Belphegor have no pretensions or airs and graces about them. They have one weapon in their armoury and over the last couple of years have honed it to blackened death metal precision through constant touring. It’s not clever or fancy, and in fact it’s wickedly neanderthal in it’s sheer bloody minded intent. But this is Death metal the old school nasty way right ? No more and no less. Helmuth cuts an imposing presence and it’s clear next to Nile they are the biggest pullers of the night.

Grave are flat and flabby sounding after Belphegor. All drums and saggy bottom end even managing to make old classics like “Into the Grave” sound unremarkable. There really isn’t much to raise this above countless other 5 outta 10 Death Metal performances I’ve seen recently and the crowd react accordingly with a marked lack of energy as they plod through their set. Nowhere near as abominably bad as Hate Eternal’s show here last month but far too workmanlike to goad an old hand like myself.

Nile soundcheck in front of a restless and eager crowd which somewhat kills the element of surprise and when someone flings an empty pint glass stageward, for a moment, knowing Karl and Dallas, the soundcheck might have been all we get.

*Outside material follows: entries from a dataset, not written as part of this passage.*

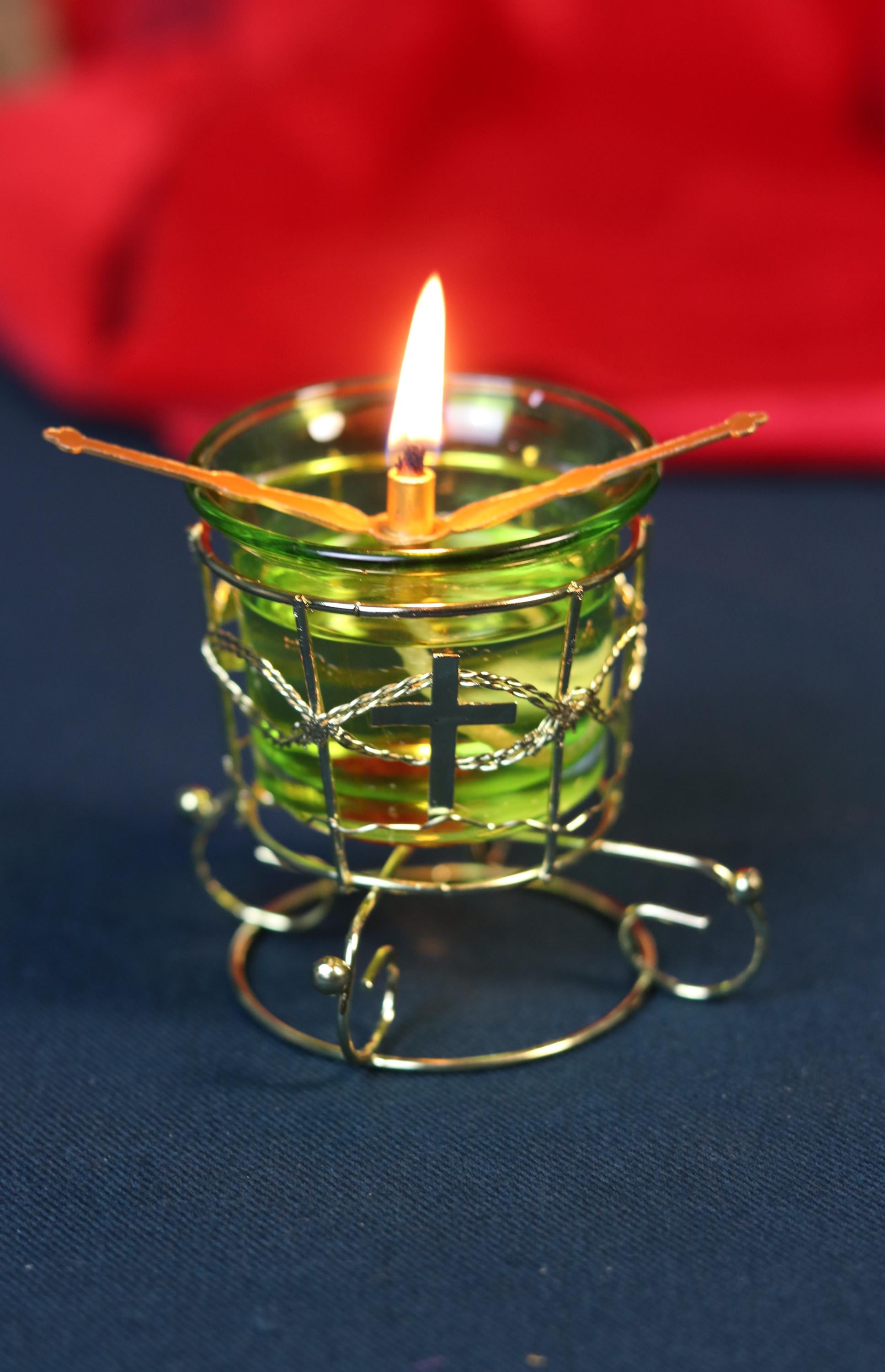 Green Glass Oil Lamp in Metal Stand 2in  – Orthodox Candle Holder for Prayer, Aromatherapy, Altar Decor, Christian Gift, Orthodox prayer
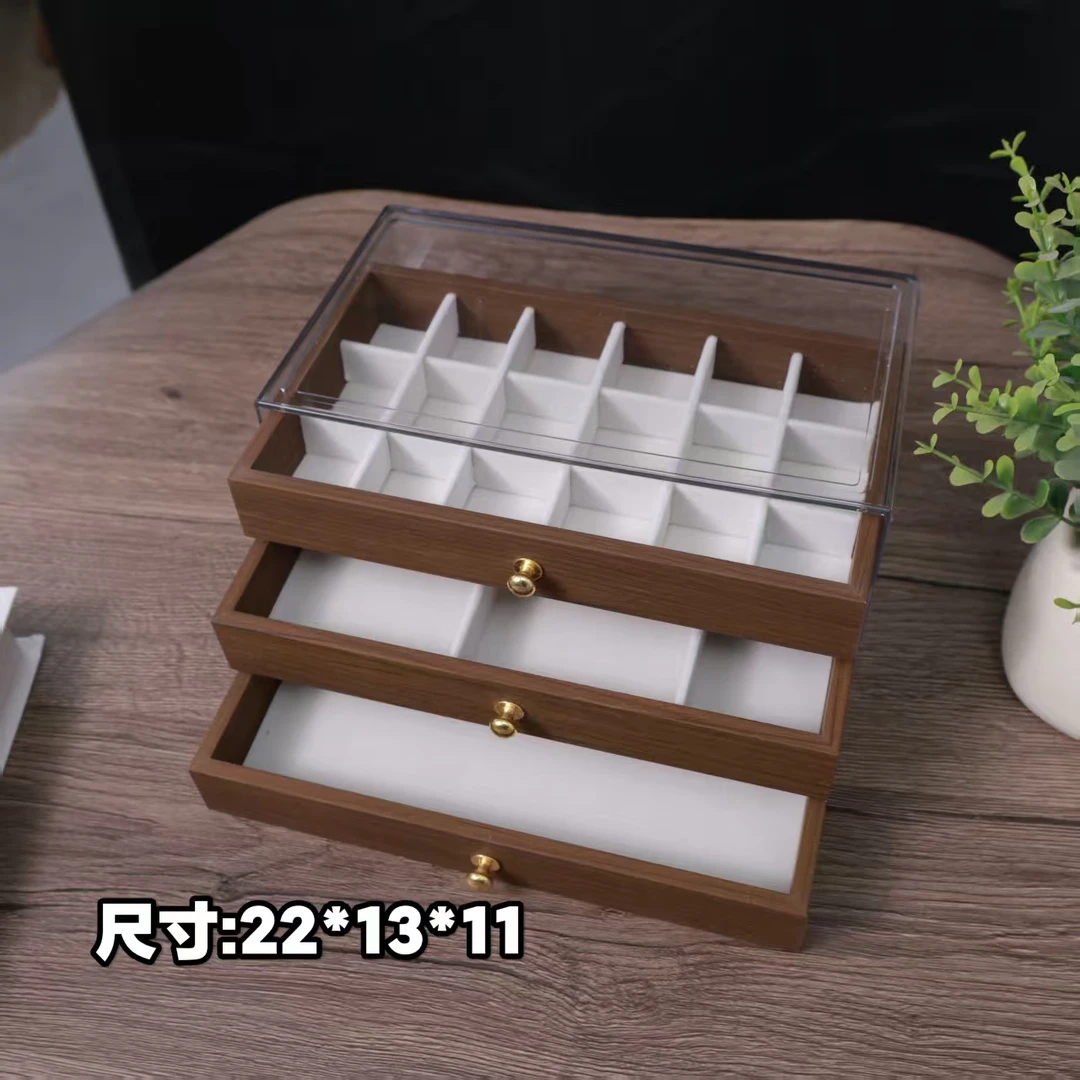 高档胡桃木纹多层项链手链戒指耳钉耳环饰品收纳木质首饰盒
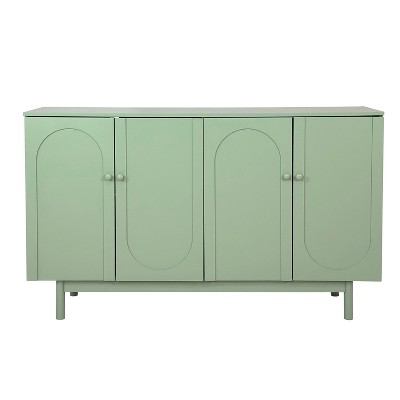 NicBex 59.06 Inch 4-Door Intaglio Storage Cabinet with Pine Legs and Solid Wood Pulls for Living Room and Entryway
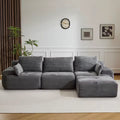 Gray Corduroy L-Shaped Sofa – 3-Seater Compression Couch with Pillows, Modular Sectional, No Assembly Required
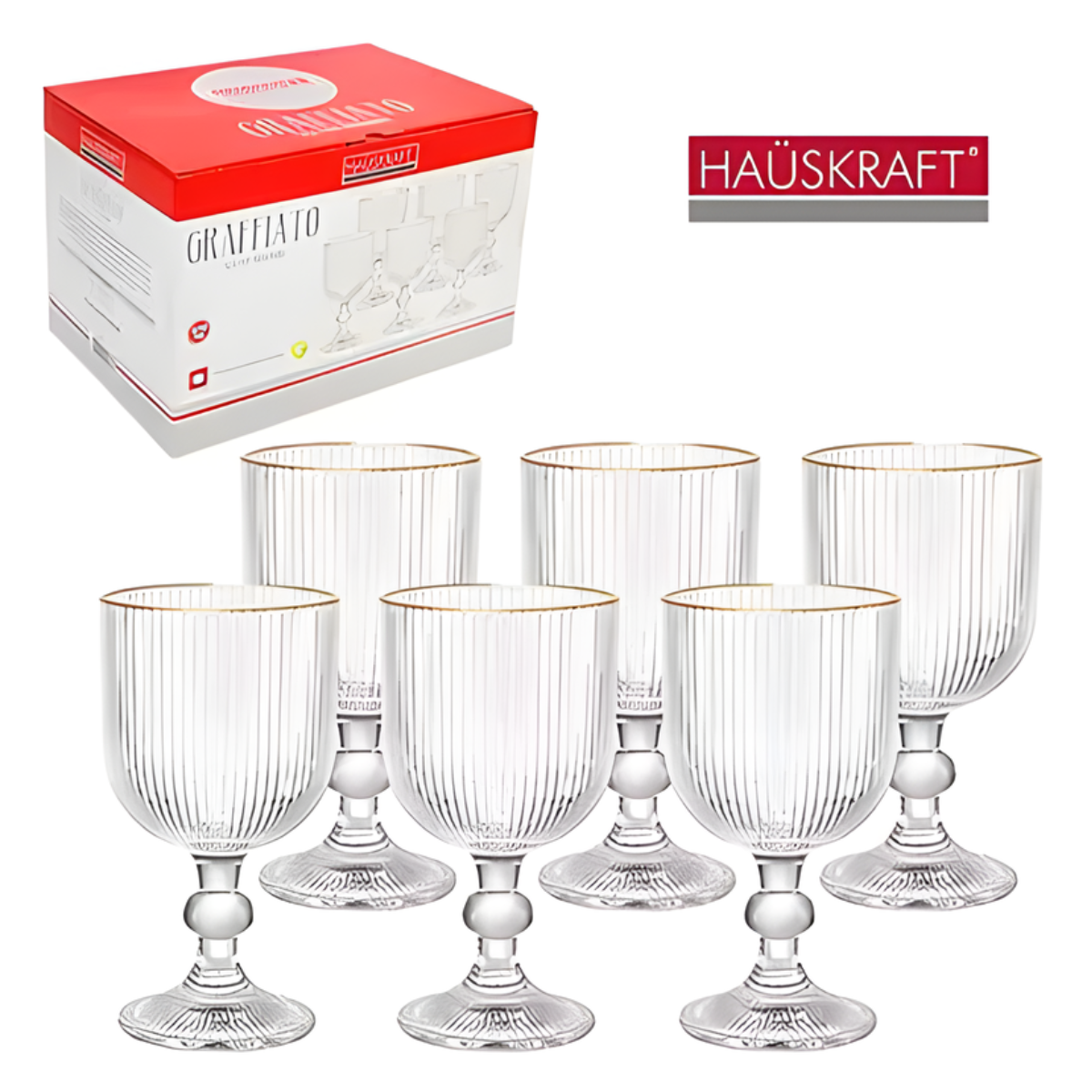 Jogo 6 Taças Graffiato com Borda Dourada 370ml – Hauskraft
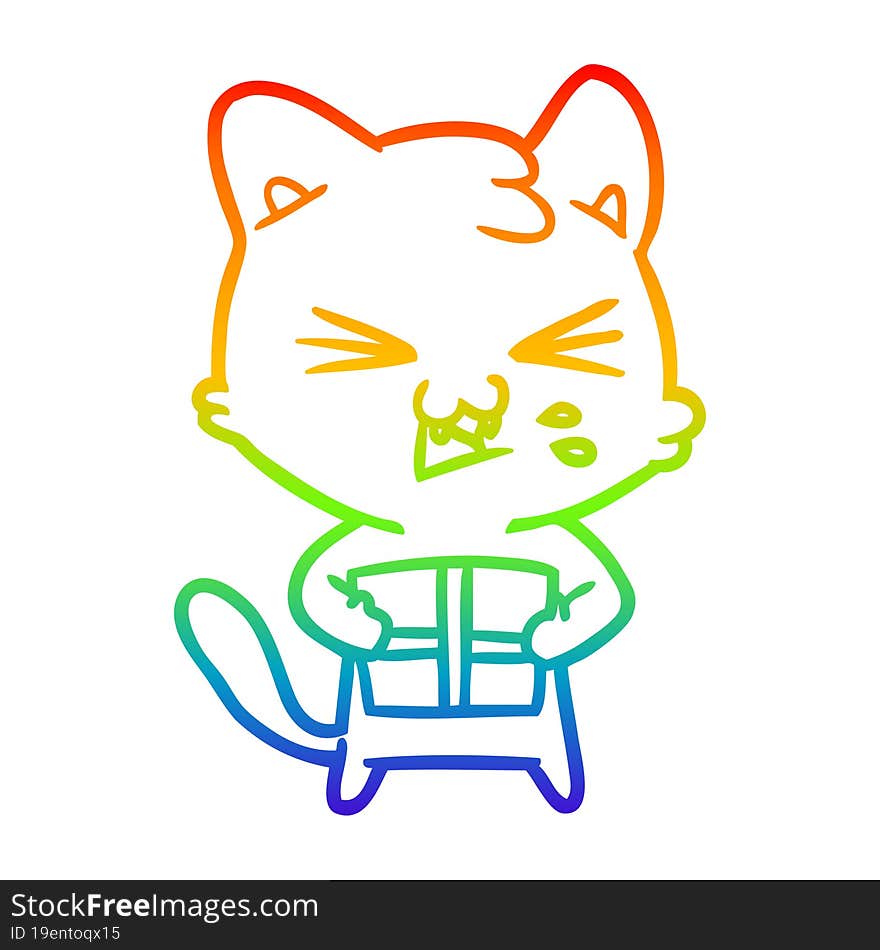 rainbow gradient line drawing cartoon cat hissing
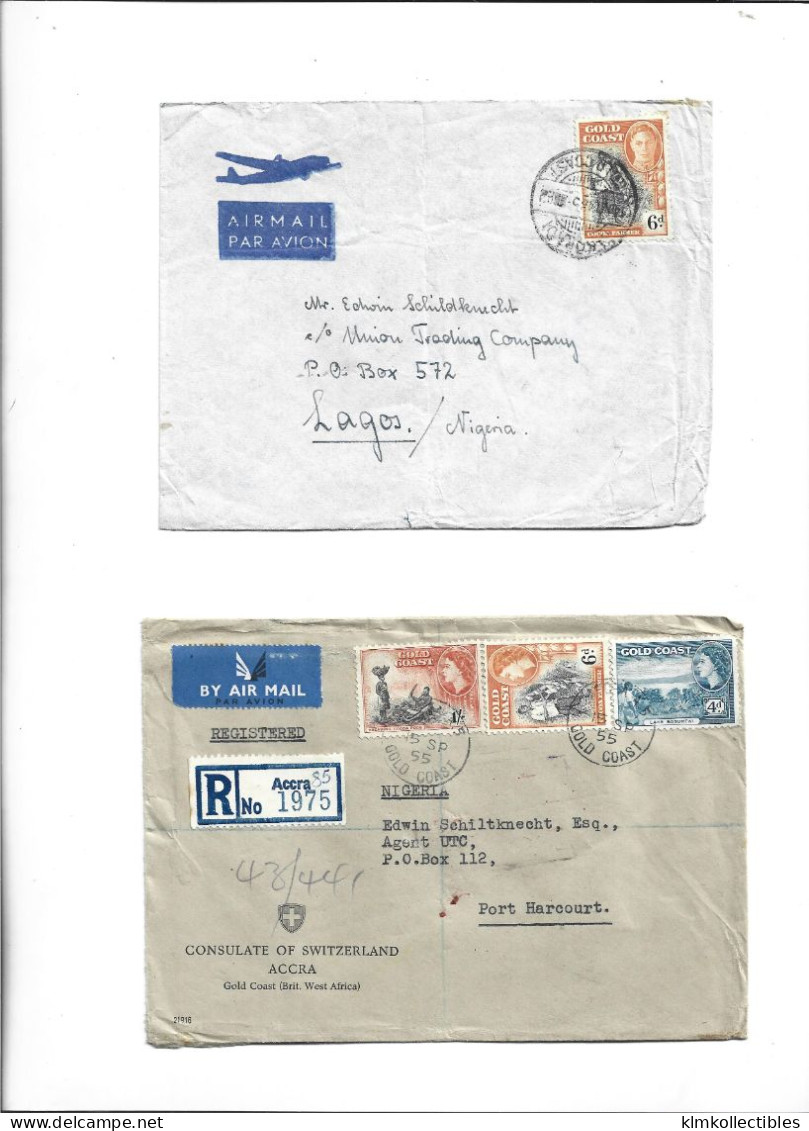 GREAT BRITAIN UNITED KINGDOM ENGLAND COLONIES - GOLD COAST GHANA - POSTAL HISTORY LOT - SWITZERLAND CONSULATE ACCRA - Côte D'Or (...-1957)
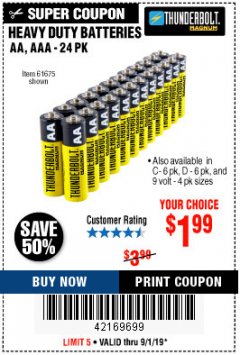 Harbor Freight Coupon C D 9V HEAVY DUTY BATTERIES Lot No. 68384/61274/61679/68381/61275/61676/68383 Expired: 9/1/19 - $1.99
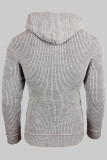 Tops de cuello con capucha de patchwork sólido informal de moda gris claro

It takes a long time into the set for one to feel that Niles two elder statesmen would rather be here than on the bus watching movies, but the absolute suffocating brutality soon takes effect and there is little to do but submit and let it wash over you. The pit is intense and just as tempers seem to boil over, another pint glass is flung at Karl and they threaten to walk off completely.

Why you would pay into shows to throw things at a band is beyond me. For a moment I’m transported back to the late 80s and early 90s in Dublin, with the band asking for the crowd to kick the offenders ass. Back then you most certainly would have left with your teeth in a bag. Maybe Death Metallers today are altogether more polite. In the end nothing happens, the set continues and the mind wanders.

It’s painfully obvious Dallas is not a frontman and young Chris on bass to his left should be the centre satge, constantly whipping the crowd into a frenzy with his sheer unbridled enthusiasm. If Nile realise that, then they might elevate themselves to the pantheon of legendary live death metal acts. But far too often tonight, watching the bodies flailing in the pit was more gripping than the band onstage.